It's locked away in Books and Culture, A Christian Review and I don't know if it will show up on-line. Anyway, here is a bit from that review:
…For all his polemic, Waldfogel never recognizes that the instrumental nature of gift-giving can alienate us from the true meaning of Christmas and other holidays and celebrations, not to mention alienating us from the true virtue of giving.

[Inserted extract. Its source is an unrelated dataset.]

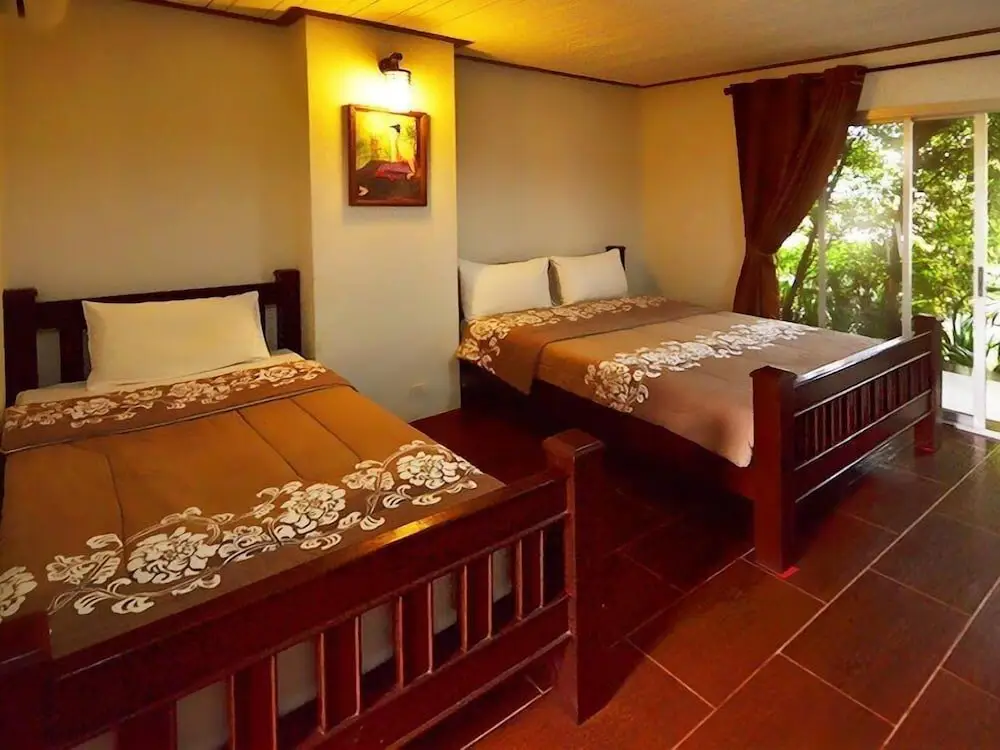 Сукотай: Banmo Resort Sukhothai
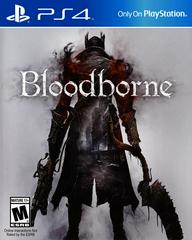 Bloodborne - PS4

Nor, on the other hand, does Waldfogel consider the best available defense of gift-giving — namely, that it is a useful form of social theater. His economist biases reveal themselves when he considers only the value of the gift and not how the gift may enhance (or damage) the associated relationships. Don't we all use gifts to judge who really understands us and thus who is worthy of our time? To put it bluntly,I wouldn't marry or even continue to date a woman who gave me The Da Vinci Code for my birthday. But if I receive the book, maybe that's for the best: then I know the relationship doesn't have a future. In a world where we are looking at a large pool of people for the potential of closer ties, poorly chosen gifts in fact may be the greatest gift we can receive. Using economic terminology, a lot of gifts are about sorting and signaling. A world of perfect gifts is also a world where I don't meet many new people or take many chances in relationships.
I should note that I liked the book more than that excerpt, taken alone, indicates. As is often the case, the parts where I praise the work are simply less interesting. You can order the book here. In case you don't remember, he's the guy who did the first work on the "deadweight loss of Christmas." The book has come out just in time for…the Christmas season.